Pictures with short captions:
/---

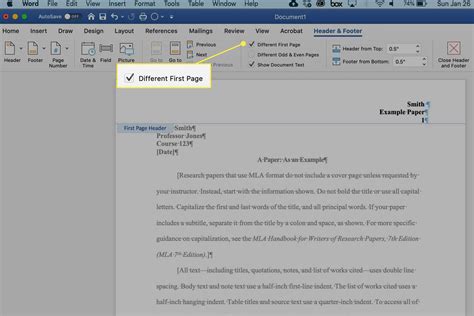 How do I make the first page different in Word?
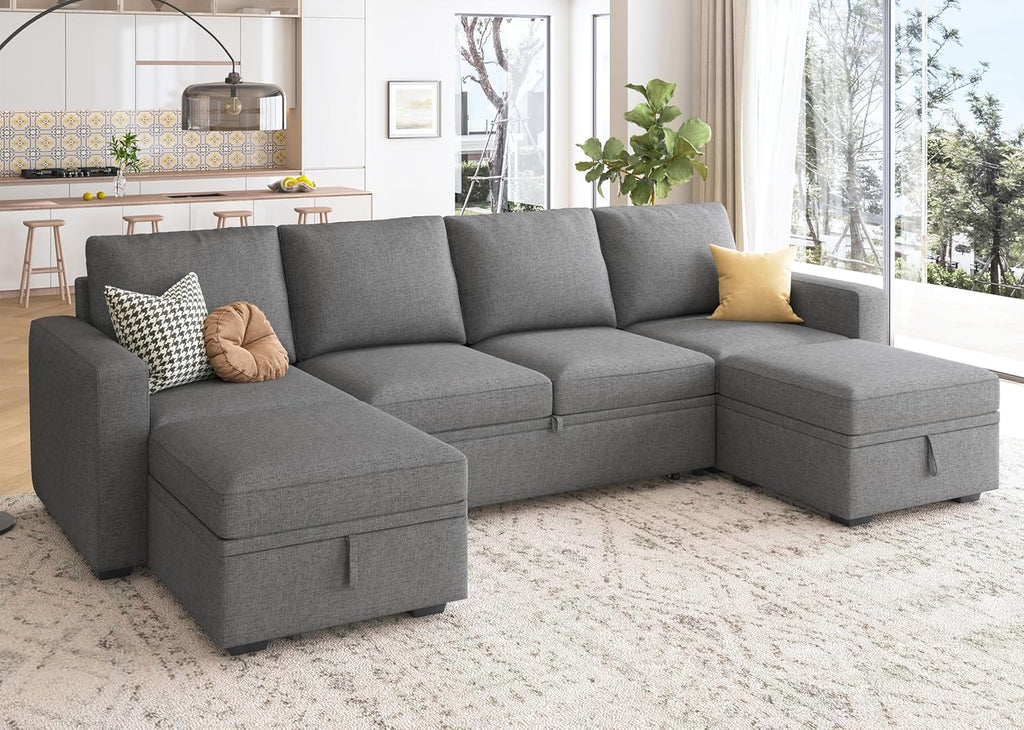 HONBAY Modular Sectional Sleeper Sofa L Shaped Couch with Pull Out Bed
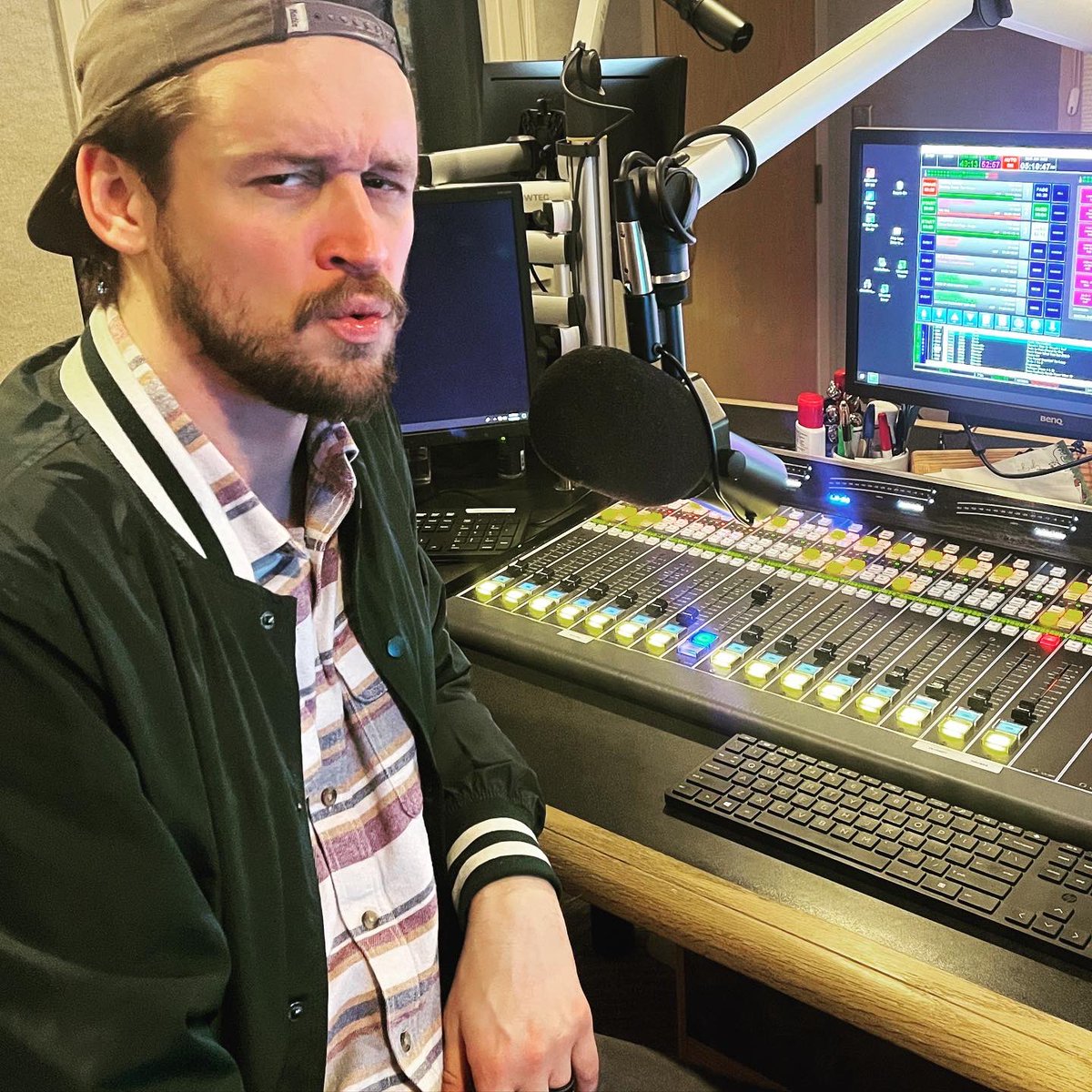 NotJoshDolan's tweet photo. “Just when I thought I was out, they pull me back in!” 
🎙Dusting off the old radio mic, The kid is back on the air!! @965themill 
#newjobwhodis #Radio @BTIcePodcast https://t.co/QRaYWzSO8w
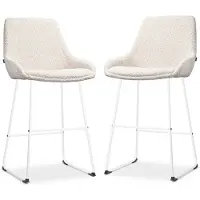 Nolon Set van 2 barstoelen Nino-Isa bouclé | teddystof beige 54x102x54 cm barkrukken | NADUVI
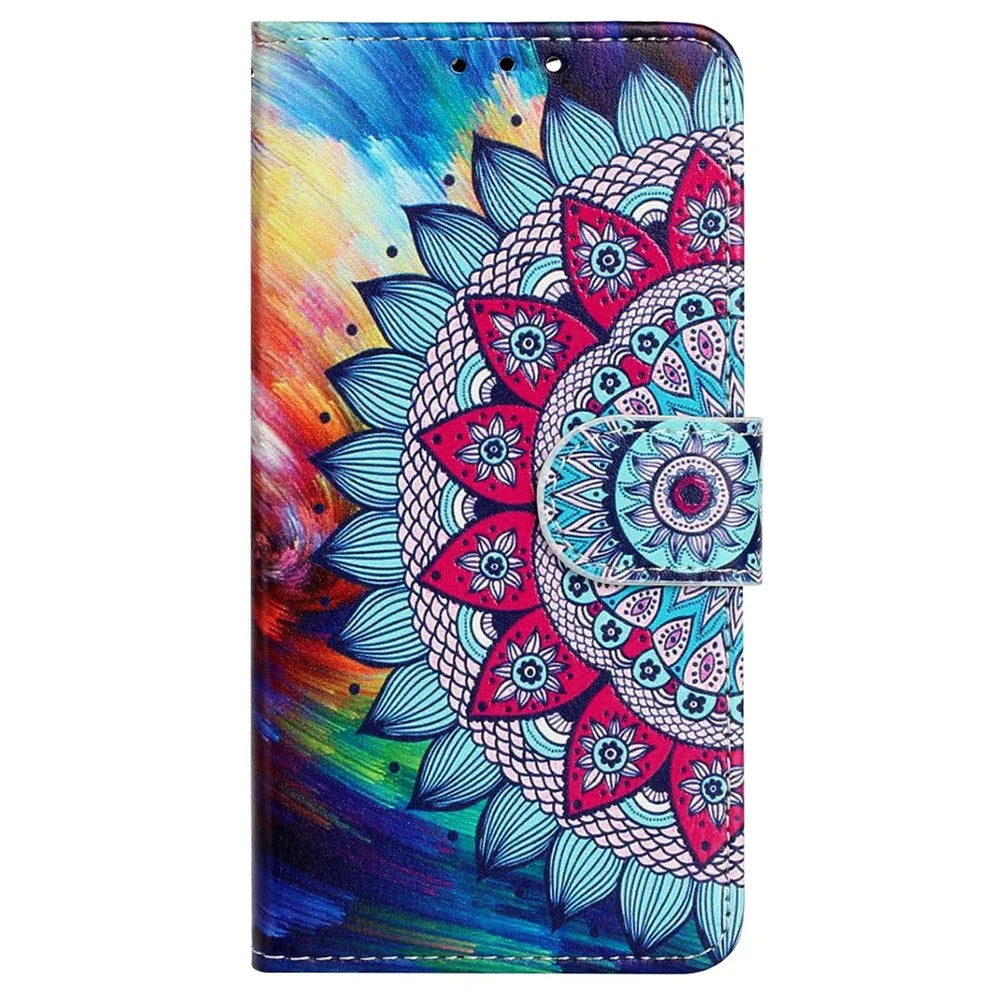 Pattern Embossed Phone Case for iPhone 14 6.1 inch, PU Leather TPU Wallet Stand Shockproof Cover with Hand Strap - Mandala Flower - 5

\---
/---

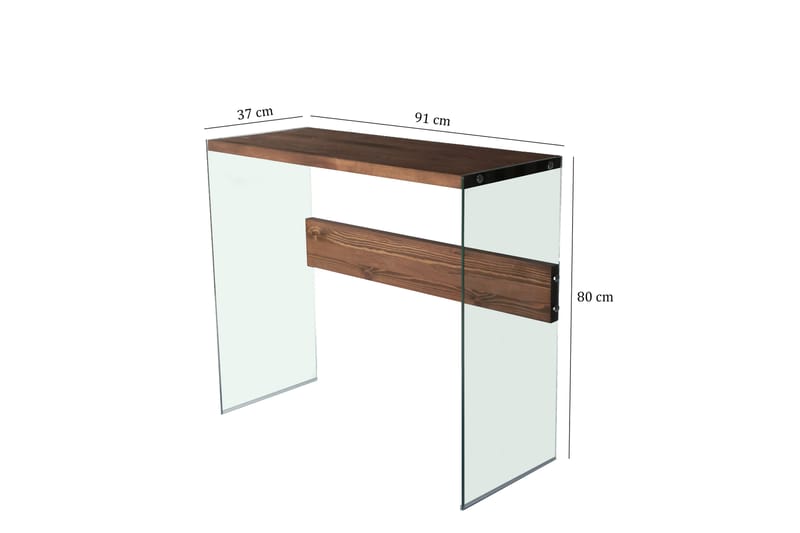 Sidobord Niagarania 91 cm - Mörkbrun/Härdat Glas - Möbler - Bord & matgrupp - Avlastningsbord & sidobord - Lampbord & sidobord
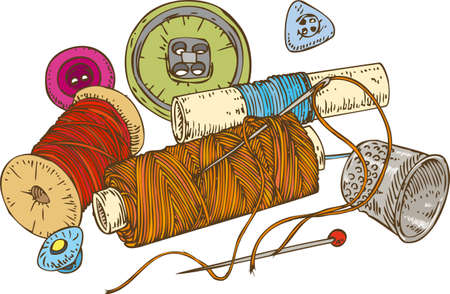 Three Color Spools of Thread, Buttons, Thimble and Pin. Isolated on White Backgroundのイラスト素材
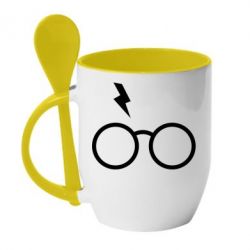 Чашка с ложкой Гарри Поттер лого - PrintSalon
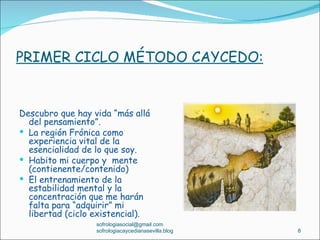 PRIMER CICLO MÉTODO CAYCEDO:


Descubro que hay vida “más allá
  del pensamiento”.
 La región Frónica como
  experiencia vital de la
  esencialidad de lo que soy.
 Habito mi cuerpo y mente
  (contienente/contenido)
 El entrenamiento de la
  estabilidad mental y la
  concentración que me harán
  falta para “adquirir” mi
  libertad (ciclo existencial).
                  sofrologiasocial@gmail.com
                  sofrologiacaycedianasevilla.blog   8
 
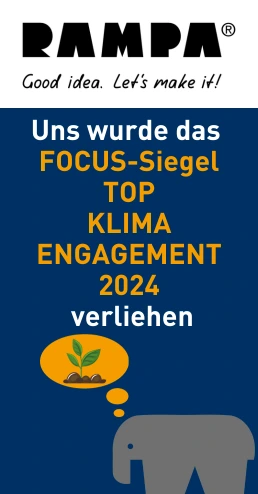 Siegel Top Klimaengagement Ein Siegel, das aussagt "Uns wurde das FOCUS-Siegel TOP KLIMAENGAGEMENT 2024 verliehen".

\---

> [Aim of the exercise]: Please print the lines above word for word, starting at the one with "How do I make" and ending at the one with "Pattern Embossed Phone", both included, and without any picture.

> [Finished exercise]:
 How do I make the first page different in Word?
 HONBAY Modular Sectional Sleeper Sofa L Shaped Couch with Pull Out Bed
 NotJoshDolan's tweet photo. “Just when I thought I was out, they pull me back in!” 
🎙Dusting off the old radio mic, The kid is back on the air!! @965themill 
#newjobwhodis #Radio @BTIcePodcast https://t.co/QRaYWzSO8w
 Nolon Set van 2 barstoelen Nino-Isa bouclé | teddystof beige 54x102x54 cm barkrukken | NADUVI
 Pattern Embossed Phone Case for iPhone 14 6.1 inch, PU Leather TPU Wallet Stand Shockproof Cover with Hand Strap - Mandala Flower - 5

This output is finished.